**WHAT YOU SHOULD DO**
Beginning with the line containing "So we're really" and going on through the line containing "Features such as", the lines below are to be returned exactly, pictures excluded and nothing added.

**PROVIDED RECORDS**
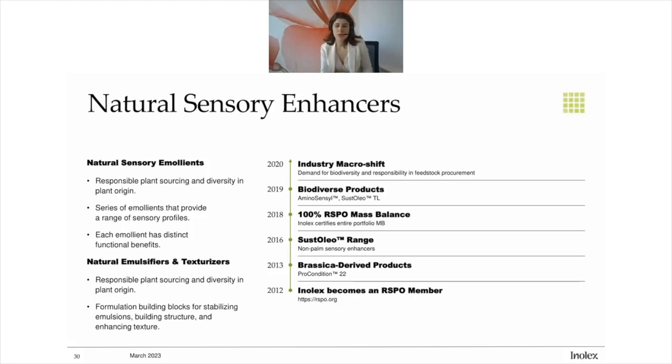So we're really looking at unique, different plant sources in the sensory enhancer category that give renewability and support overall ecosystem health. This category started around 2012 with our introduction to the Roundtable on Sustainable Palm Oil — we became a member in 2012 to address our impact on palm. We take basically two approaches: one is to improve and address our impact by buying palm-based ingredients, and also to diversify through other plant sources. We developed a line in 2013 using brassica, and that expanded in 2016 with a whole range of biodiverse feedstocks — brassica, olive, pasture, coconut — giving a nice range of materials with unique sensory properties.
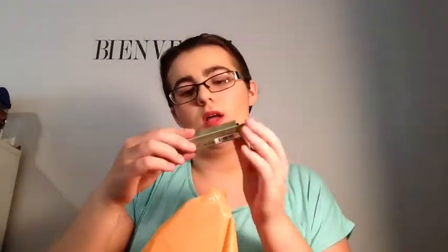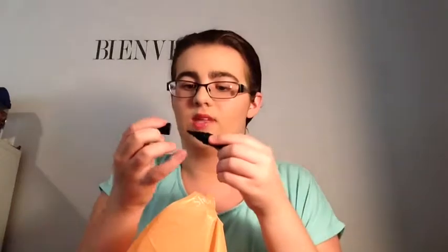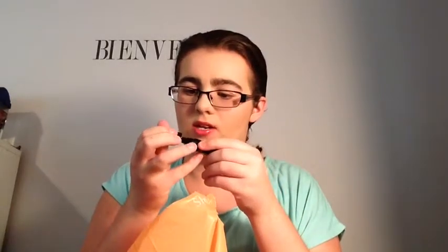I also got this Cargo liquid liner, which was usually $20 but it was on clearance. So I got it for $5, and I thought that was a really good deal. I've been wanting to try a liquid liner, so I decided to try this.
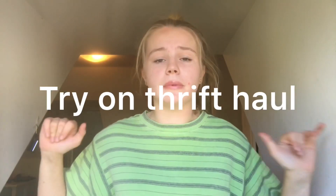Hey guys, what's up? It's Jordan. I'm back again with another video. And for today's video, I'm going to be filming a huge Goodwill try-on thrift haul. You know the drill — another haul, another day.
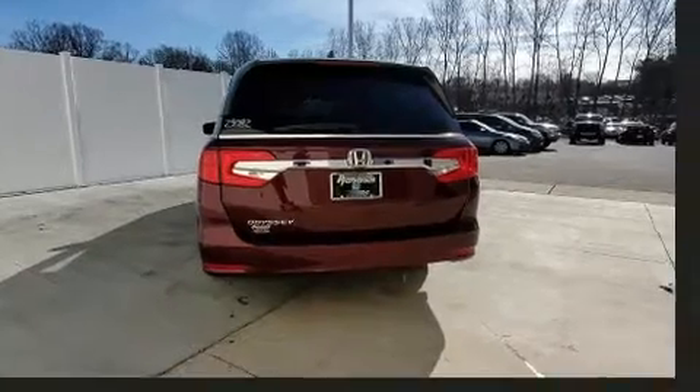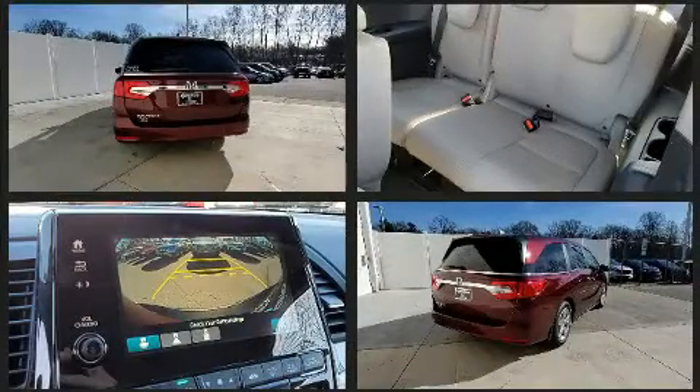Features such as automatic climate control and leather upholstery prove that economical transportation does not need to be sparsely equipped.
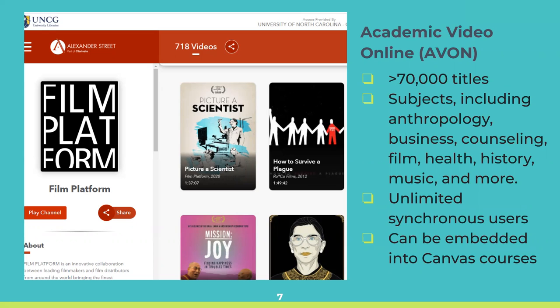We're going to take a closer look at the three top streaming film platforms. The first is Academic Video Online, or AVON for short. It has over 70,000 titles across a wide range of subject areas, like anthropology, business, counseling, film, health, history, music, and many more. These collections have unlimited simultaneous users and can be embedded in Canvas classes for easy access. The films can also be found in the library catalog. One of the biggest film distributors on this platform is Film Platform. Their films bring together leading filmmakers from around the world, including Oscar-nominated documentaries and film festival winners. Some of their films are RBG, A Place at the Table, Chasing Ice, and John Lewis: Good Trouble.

--

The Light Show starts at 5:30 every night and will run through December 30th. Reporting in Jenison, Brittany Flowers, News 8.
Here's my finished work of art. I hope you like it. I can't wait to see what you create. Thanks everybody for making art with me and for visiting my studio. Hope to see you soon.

**RESULT FOR THIS EXERCISE**
So we're really looking at unique, different plant sources in the sensory enhancer category that give renewability and support overall ecosystem health. This category started around 2012 with our introduction to the Roundtable on Sustainable Palm Oil — we became a member in 2012 to address our impact on palm. We take basically two approaches: one is to improve and address our impact by buying palm-based ingredients, and also to diversify through other plant sources. We developed a line in 2013 using brassica, and that expanded in 2016 with a whole range of biodiverse feedstocks — brassica, olive, pasture, coconut — giving a nice range of materials with unique sensory properties.
I also got this Cargo liquid liner, which was usually $20 but it was on clearance. So I got it for $5, and I thought that was a really good deal. I've been wanting to try a liquid liner, so I decided to try this.
Hey guys, what's up? It's Jordan. I'm back again with another video. And for today's video, I'm going to be filming a huge Goodwill try-on thrift haul. You know the drill — another haul, another day.
Features such as automatic climate control and leather upholstery prove that economical transportation does not need to be sparsely equipped.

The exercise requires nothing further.